Description of the task =
Go through the listing below and write out exactly the lines from the one that mentions "Load image into" through the one that mentions "Used 2024 Ford", minus the pictures.

Stored data =
..............................

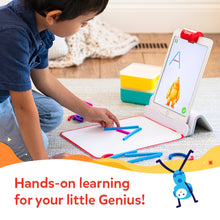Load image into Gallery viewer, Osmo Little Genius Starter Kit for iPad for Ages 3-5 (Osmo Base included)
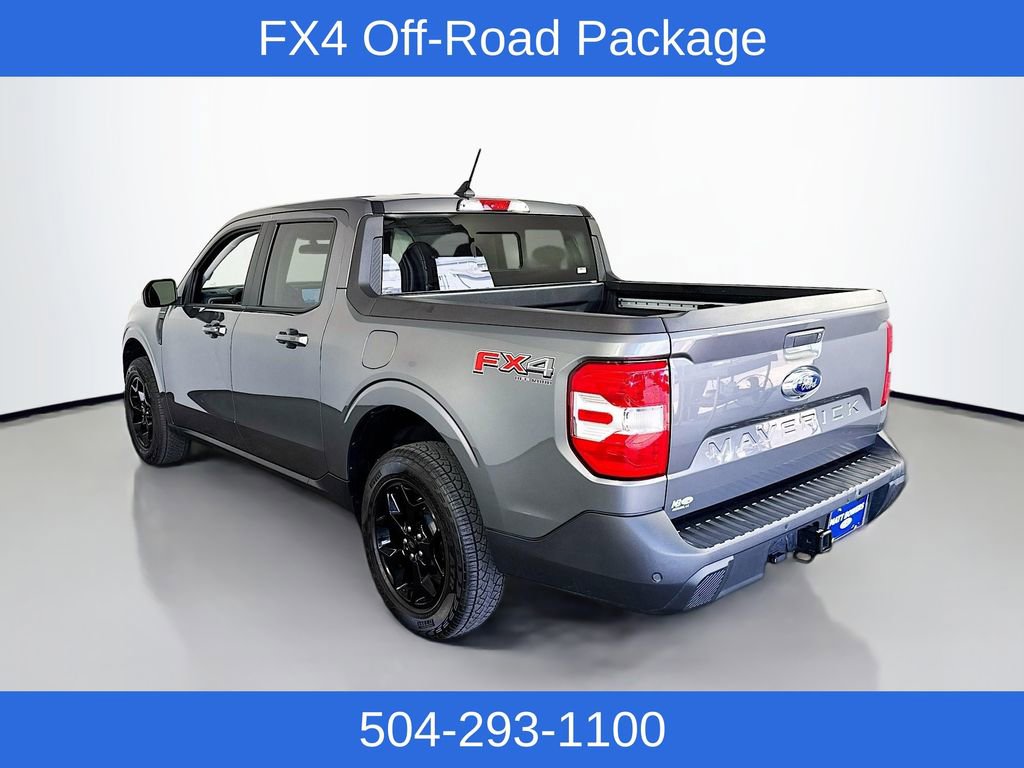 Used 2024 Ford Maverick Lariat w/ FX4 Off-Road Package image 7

..............................

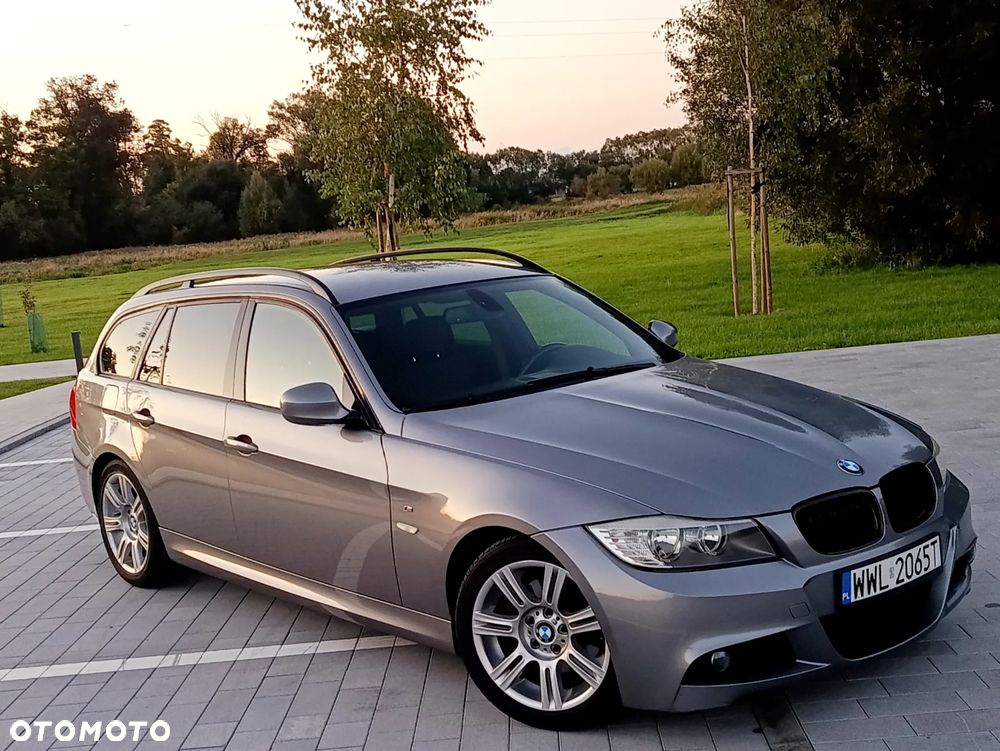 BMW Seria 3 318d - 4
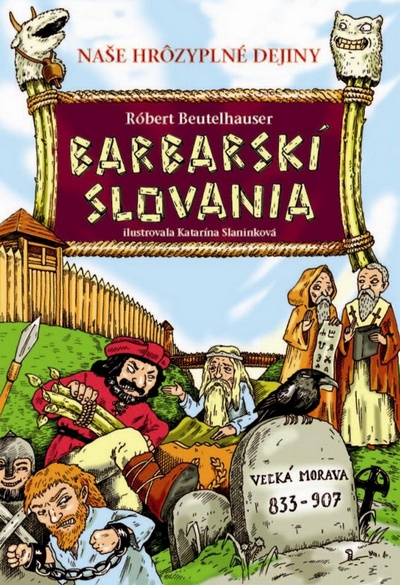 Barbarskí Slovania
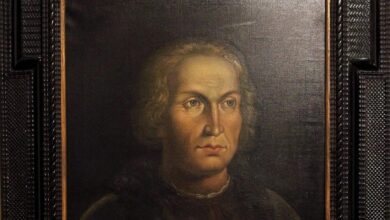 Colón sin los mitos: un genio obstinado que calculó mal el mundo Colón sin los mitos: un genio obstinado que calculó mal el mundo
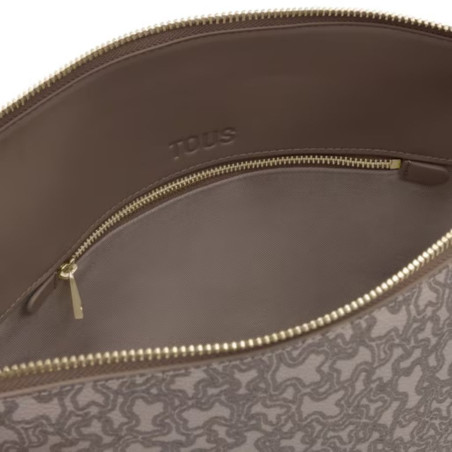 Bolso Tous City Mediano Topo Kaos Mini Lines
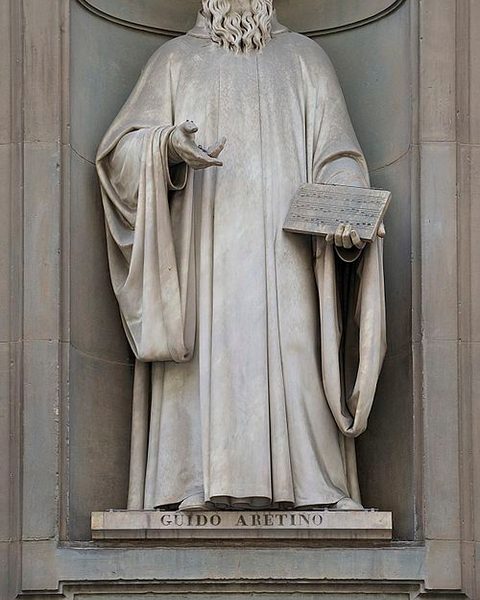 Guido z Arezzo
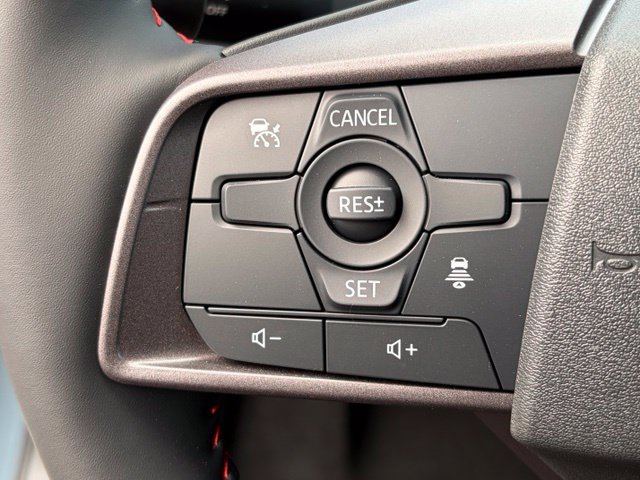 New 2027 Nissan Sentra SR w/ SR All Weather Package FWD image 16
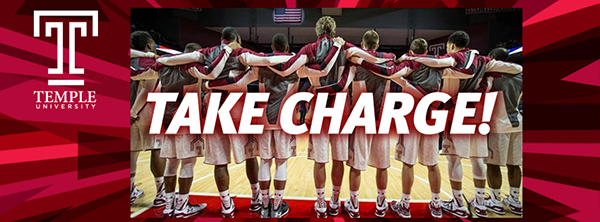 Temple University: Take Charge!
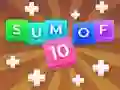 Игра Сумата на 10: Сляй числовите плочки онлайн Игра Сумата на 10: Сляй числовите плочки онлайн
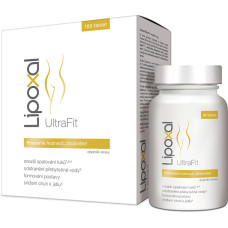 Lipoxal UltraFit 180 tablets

..............................

Answer box =
Load image into Gallery viewer, Osmo Little Genius Starter Kit for iPad for Ages 3-5 (Osmo Base included)
 Used 2024 Ford Maverick Lariat w/ FX4 Off-Road Package image 7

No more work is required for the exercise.